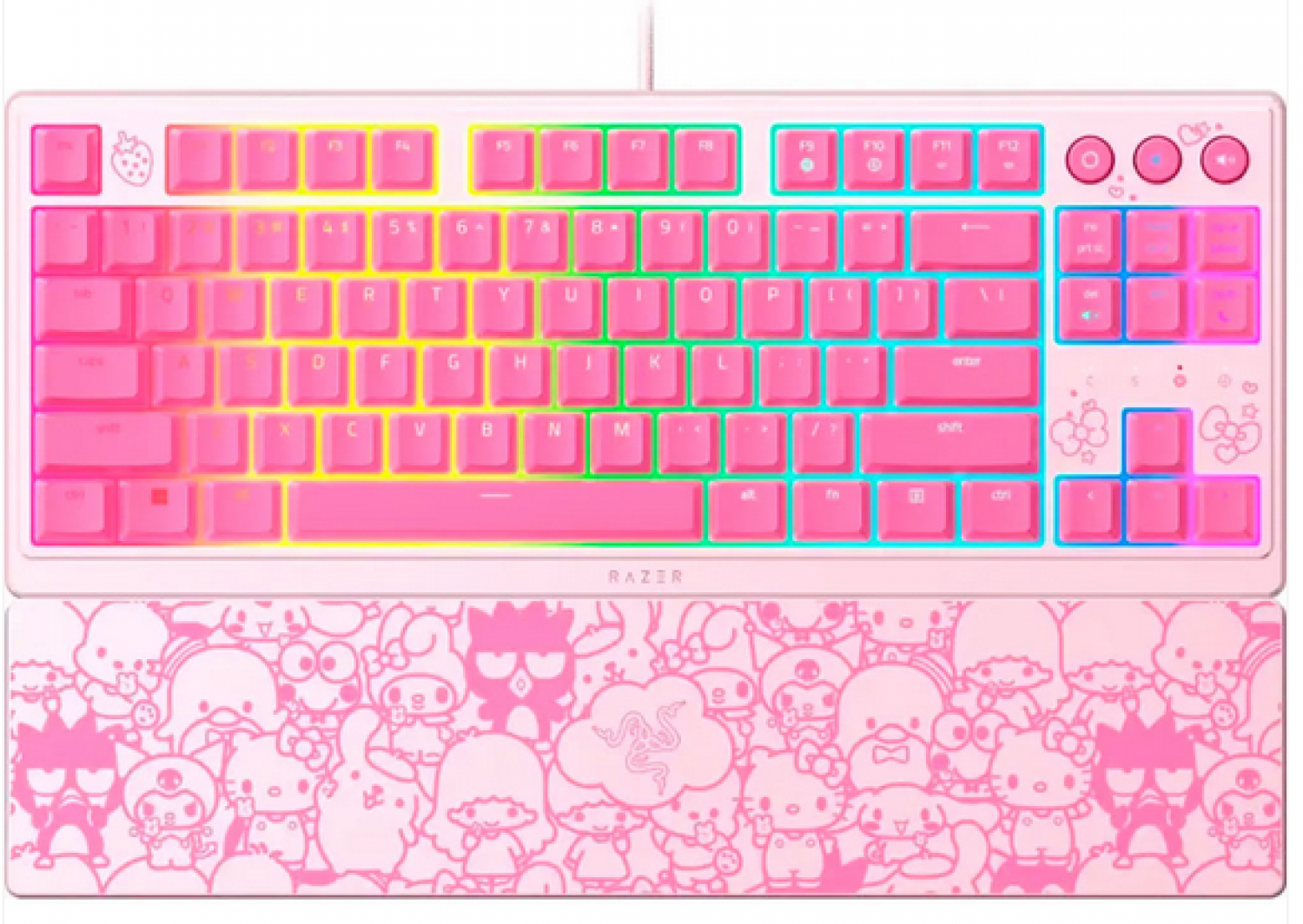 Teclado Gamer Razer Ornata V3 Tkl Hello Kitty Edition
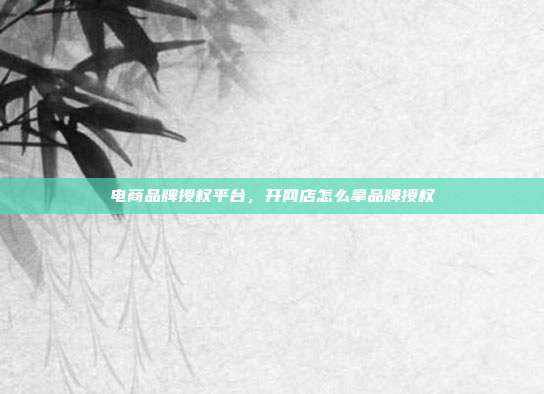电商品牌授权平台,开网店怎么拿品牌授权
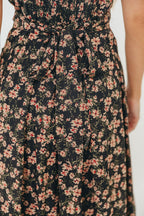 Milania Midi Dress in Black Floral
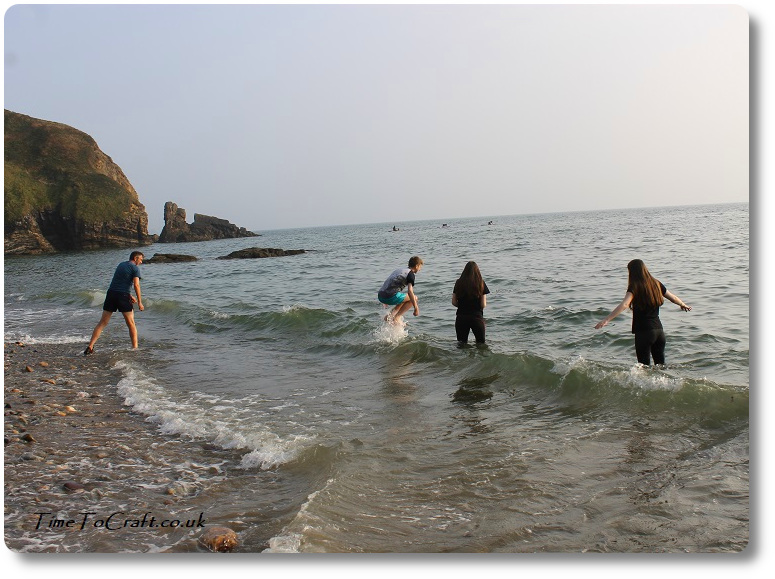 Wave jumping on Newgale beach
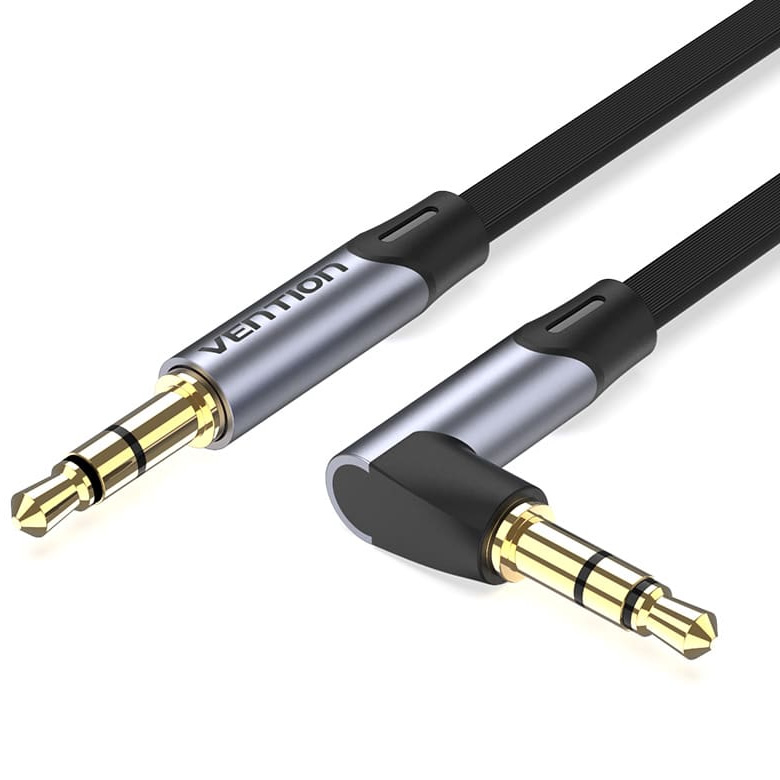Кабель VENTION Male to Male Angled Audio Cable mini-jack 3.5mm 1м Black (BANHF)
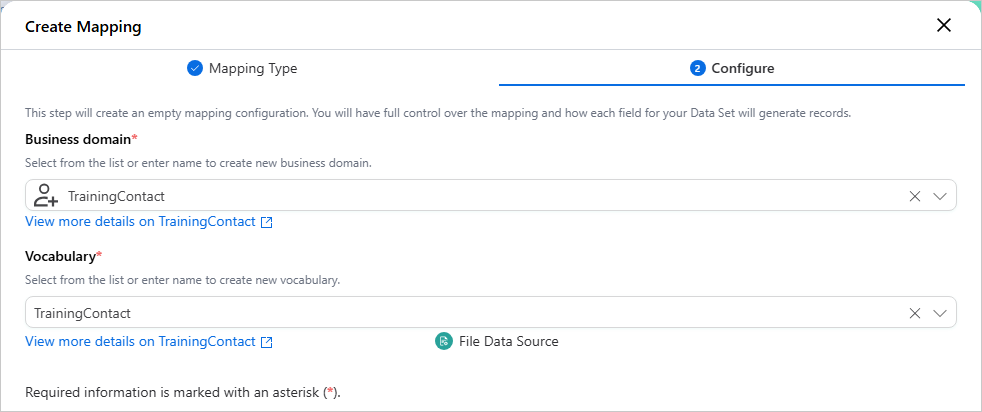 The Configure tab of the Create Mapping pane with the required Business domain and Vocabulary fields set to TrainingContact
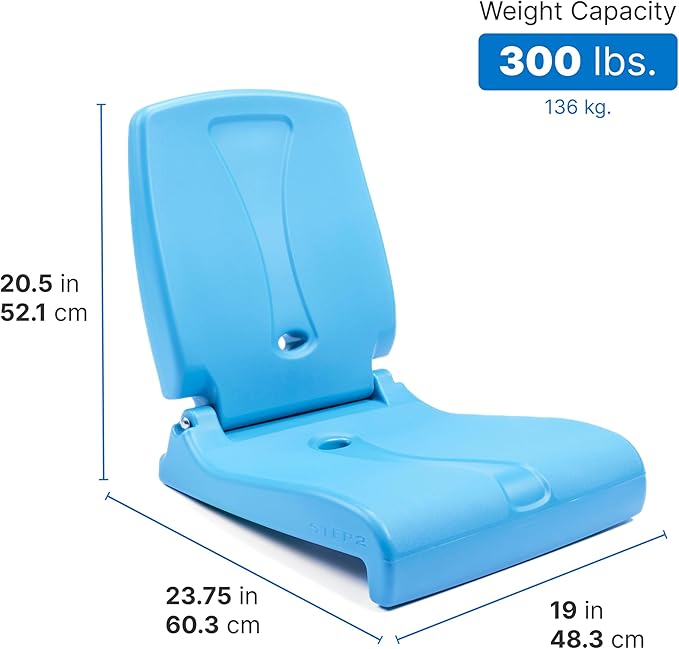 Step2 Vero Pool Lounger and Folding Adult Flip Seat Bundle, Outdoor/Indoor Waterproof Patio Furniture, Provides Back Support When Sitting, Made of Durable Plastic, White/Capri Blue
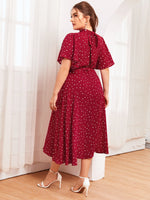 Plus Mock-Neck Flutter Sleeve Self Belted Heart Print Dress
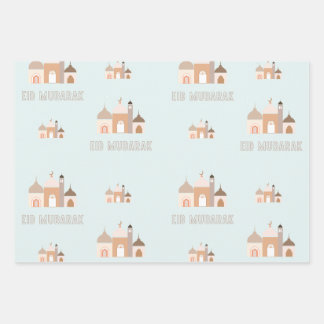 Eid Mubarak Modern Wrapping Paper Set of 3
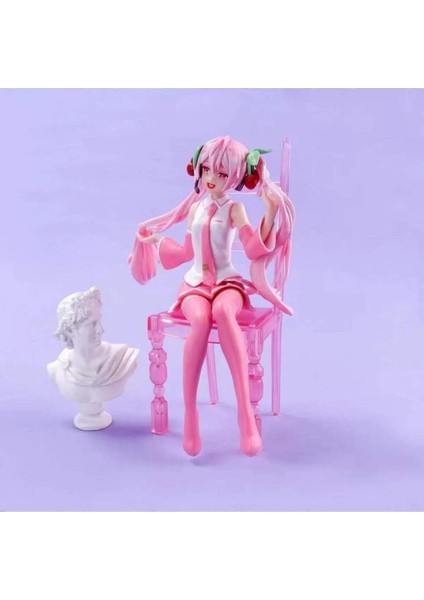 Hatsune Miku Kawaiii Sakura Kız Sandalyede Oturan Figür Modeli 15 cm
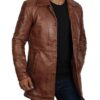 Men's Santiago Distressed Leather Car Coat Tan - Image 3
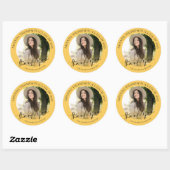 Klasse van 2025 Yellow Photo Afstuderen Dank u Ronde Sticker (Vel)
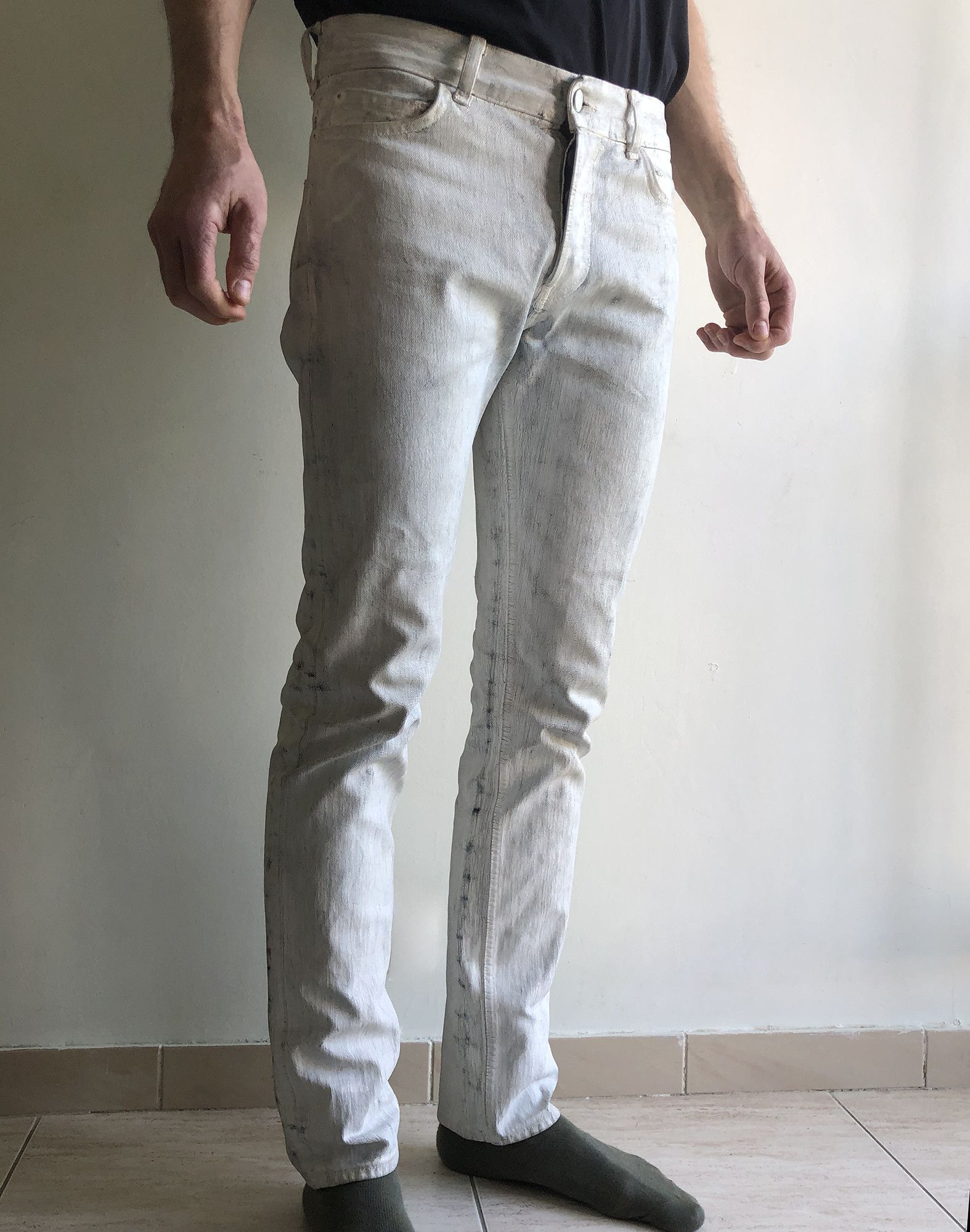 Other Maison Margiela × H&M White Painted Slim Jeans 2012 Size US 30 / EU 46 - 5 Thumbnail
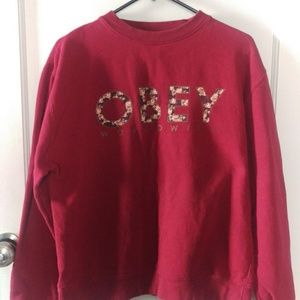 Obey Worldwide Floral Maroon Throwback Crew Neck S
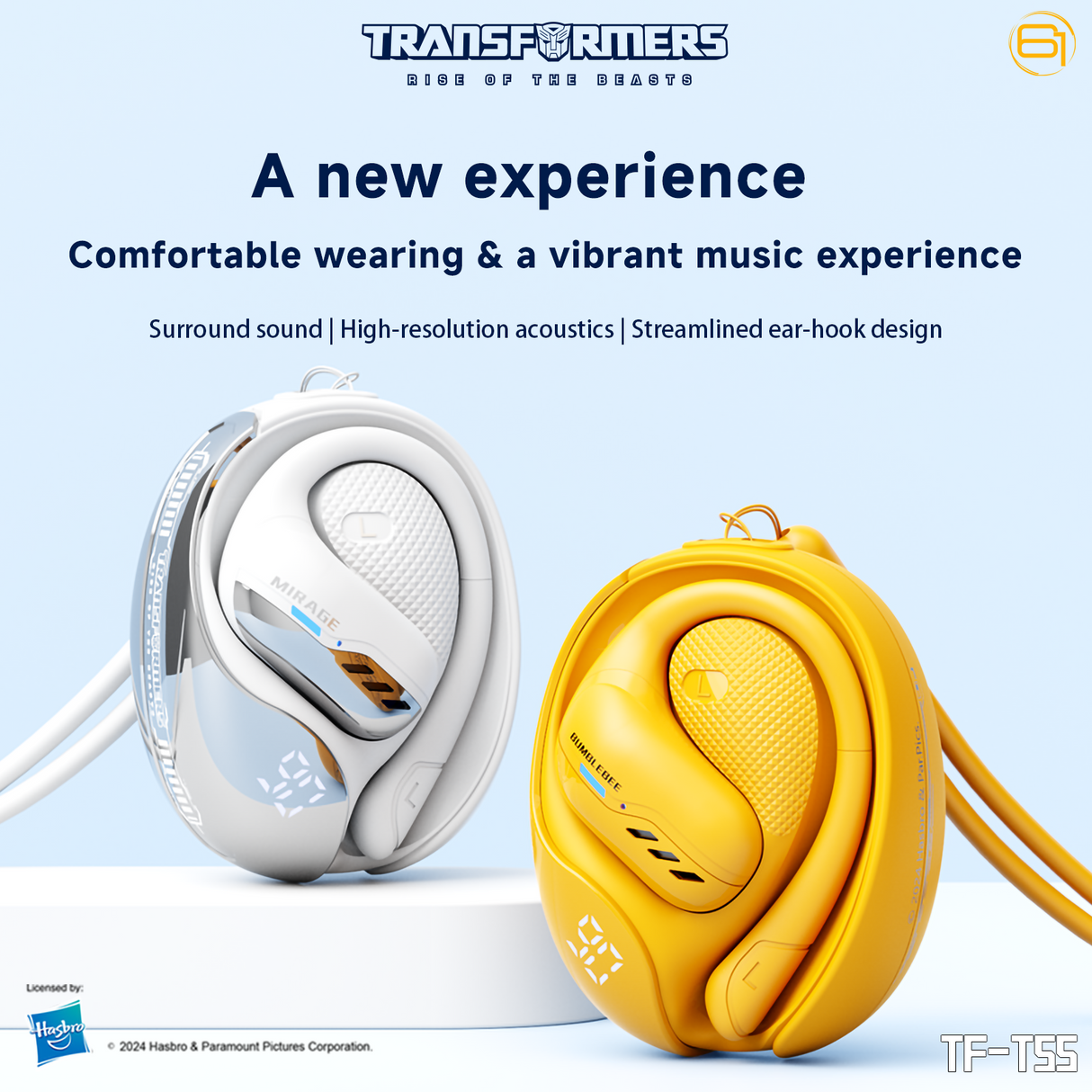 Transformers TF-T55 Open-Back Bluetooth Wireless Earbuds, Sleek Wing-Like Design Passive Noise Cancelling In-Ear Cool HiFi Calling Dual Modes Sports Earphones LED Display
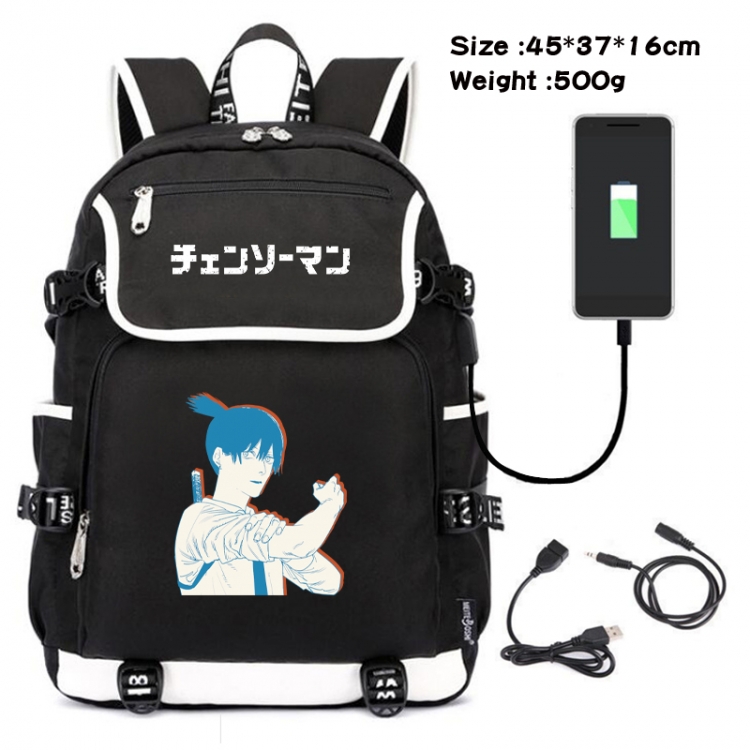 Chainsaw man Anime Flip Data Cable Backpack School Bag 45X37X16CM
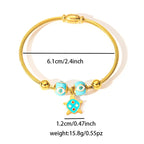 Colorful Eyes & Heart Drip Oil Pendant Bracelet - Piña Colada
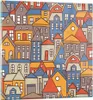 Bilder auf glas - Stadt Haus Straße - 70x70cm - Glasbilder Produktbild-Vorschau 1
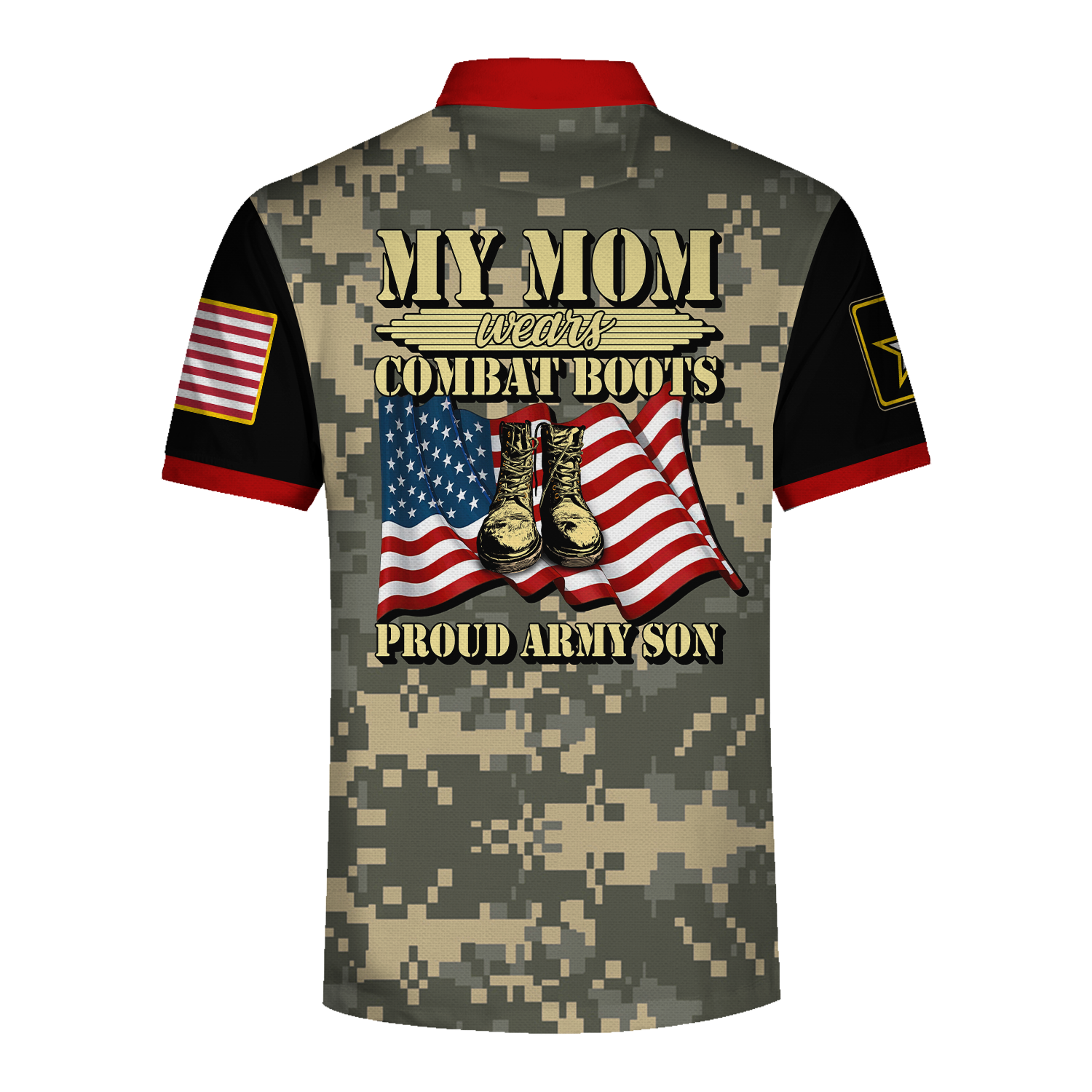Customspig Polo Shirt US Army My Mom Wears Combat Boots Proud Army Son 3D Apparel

- Task instructions:
Copy nothing outside the span: please output the lines from the one with "Eid Mubarak Modern Wrapping Paper Set of 3" through the end of the entries above, and skip the pictures.

- Exercise response:
 Eid Mubarak Modern Wrapping Paper Set of 3
 Hatsune Miku Kawaiii Sakura Kız Sandalyede Oturan Figür Modeli 15 cm
 Men's Santiago Distressed Leather Car Coat Tan - Image 3
 Klasse van 2025 Yellow Photo Afstuderen Dank u Ronde Sticker (Vel)
 Other Maison Margiela × H&M White Painted Slim Jeans 2012 Size US 30 / EU 46 - 5 Thumbnail
 Obey Worldwide Floral Maroon Throwback Crew Neck S
 Transformers TF-T55 Open-Back Bluetooth Wireless Earbuds, Sleek Wing-Like Design Passive Noise Cancelling In-Ear Cool HiFi Calling Dual Modes Sports Earphones LED Display
 Chainsaw man Anime Flip Data Cable Backpack School Bag 45X37X16CM
 Colorful Eyes & Heart Drip Oil Pendant Bracelet - Piña Colada
 Bilder auf glas - Stadt Haus Straße - 70x70cm - Glasbilder Produktbild-Vorschau 1
Customspig Polo Shirt US Army My Mom Wears Combat Boots Proud Army Son 3D Apparel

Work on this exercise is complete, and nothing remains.